** Entries shown follows **

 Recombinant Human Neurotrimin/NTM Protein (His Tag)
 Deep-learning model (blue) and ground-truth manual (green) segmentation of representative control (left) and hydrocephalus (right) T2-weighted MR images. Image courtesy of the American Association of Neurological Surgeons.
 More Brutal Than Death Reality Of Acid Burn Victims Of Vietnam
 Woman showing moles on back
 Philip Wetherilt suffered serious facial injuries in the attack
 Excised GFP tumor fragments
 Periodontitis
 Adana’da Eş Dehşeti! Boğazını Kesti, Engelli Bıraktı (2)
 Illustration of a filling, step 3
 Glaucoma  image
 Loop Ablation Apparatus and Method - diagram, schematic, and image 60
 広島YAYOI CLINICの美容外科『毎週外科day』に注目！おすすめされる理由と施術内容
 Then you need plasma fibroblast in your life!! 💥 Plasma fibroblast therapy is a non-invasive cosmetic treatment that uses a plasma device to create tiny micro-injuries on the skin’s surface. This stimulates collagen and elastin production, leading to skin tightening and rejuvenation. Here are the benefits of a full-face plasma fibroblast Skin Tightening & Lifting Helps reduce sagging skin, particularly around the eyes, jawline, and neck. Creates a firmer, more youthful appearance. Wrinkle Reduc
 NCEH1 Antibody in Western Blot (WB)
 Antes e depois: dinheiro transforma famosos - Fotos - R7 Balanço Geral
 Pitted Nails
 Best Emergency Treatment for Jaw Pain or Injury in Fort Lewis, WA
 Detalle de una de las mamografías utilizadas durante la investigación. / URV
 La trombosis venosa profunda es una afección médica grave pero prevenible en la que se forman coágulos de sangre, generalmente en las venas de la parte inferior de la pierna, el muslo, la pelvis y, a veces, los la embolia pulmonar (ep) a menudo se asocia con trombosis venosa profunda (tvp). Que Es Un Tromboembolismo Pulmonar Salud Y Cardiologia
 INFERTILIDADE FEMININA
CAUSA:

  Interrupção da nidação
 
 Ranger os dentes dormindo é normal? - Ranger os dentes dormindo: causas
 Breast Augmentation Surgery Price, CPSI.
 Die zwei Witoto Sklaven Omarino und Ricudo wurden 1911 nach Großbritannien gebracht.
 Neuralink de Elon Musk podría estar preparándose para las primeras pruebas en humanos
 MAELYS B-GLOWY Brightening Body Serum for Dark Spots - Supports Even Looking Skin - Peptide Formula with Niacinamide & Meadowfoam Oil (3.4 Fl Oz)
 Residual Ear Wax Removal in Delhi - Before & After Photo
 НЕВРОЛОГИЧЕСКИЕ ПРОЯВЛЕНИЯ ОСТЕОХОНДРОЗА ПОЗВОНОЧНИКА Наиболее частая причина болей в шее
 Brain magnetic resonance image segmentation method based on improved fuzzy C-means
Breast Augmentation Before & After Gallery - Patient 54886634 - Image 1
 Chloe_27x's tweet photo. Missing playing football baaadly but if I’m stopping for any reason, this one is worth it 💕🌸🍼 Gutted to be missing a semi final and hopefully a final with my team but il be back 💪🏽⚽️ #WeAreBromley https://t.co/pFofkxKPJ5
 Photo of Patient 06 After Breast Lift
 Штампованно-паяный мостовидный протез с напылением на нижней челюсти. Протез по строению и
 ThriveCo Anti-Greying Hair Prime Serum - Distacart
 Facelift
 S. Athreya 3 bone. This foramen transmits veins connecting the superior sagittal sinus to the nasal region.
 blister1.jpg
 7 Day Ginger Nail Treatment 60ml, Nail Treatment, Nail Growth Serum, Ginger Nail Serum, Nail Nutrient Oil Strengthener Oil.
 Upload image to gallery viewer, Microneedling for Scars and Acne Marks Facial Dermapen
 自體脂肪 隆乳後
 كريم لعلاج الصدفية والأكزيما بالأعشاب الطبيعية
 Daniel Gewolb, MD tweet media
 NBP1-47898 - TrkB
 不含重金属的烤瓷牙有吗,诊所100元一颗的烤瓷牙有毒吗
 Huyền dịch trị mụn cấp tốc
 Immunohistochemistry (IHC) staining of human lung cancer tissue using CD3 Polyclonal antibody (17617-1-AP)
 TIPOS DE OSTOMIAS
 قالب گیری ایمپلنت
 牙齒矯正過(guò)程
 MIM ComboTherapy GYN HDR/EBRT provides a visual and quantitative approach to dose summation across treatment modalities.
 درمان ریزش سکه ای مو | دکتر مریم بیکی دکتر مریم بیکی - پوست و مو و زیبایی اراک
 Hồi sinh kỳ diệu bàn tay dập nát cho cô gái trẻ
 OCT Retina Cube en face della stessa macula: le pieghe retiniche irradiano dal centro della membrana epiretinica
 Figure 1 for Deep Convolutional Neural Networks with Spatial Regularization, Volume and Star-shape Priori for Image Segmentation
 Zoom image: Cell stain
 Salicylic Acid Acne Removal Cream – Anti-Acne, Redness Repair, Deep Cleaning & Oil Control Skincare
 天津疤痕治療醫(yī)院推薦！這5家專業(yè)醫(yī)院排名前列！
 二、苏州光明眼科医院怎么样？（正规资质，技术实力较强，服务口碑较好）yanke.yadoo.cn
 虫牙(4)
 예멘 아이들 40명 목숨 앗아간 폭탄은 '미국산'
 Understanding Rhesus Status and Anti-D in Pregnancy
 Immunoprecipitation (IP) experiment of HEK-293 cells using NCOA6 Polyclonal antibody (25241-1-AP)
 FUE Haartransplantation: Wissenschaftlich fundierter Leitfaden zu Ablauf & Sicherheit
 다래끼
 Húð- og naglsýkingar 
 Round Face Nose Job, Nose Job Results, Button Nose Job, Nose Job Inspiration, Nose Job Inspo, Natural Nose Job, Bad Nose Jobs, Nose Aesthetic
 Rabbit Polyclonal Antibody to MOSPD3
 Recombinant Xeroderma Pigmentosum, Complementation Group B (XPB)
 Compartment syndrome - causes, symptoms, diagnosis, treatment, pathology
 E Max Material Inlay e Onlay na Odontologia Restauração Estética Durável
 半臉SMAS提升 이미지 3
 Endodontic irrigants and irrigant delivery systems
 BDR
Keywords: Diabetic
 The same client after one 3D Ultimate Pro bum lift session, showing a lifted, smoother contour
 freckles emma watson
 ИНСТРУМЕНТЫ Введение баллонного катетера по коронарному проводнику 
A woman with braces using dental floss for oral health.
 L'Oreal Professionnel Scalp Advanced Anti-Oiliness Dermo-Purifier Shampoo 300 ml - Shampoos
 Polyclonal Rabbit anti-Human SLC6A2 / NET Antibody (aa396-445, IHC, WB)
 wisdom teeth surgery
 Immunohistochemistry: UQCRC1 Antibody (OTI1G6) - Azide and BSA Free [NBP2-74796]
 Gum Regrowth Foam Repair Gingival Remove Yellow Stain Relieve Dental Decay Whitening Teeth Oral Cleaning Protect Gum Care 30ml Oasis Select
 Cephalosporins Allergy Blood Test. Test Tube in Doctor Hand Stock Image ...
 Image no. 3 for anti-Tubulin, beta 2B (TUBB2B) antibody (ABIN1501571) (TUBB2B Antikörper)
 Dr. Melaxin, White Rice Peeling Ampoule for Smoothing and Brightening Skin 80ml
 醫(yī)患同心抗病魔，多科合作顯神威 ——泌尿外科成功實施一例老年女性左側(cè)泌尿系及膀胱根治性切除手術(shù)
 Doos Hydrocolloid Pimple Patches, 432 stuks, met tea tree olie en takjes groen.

** End of Entries shown **

_About this exercise:_
What is needed is an exact copy of the lines above, from the one containing "Ranger os dentes dormindo é" through the one containing "Photo of Patient 06 After Breast Lift", with nothing added.

_Response to this task:_
 Ranger os dentes dormindo é normal? - Ranger os dentes dormindo: causas
 Breast Augmentation Surgery Price, CPSI.
 Die zwei Witoto Sklaven Omarino und Ricudo wurden 1911 nach Großbritannien gebracht.
 Neuralink de Elon Musk podría estar preparándose para las primeras pruebas en humanos
 MAELYS B-GLOWY Brightening Body Serum for Dark Spots - Supports Even Looking Skin - Peptide Formula with Niacinamide & Meadowfoam Oil (3.4 Fl Oz)
 Residual Ear Wax Removal in Delhi - Before & After Photo
 НЕВРОЛОГИЧЕСКИЕ ПРОЯВЛЕНИЯ ОСТЕОХОНДРОЗА ПОЗВОНОЧНИКА Наиболее частая причина болей в шее
 Brain magnetic resonance image segmentation method based on improved fuzzy C-means
Breast Augmentation Before & After Gallery - Patient 54886634 - Image 1
 Chloe_27x's tweet photo. Missing playing football baaadly but if I’m stopping for any reason, this one is worth it 💕🌸🍼 Gutted to be missing a semi final and hopefully a final with my team but il be back 💪🏽⚽️ #WeAreBromley https://t.co/pFofkxKPJ5
 Photo of Patient 06 After Breast Lift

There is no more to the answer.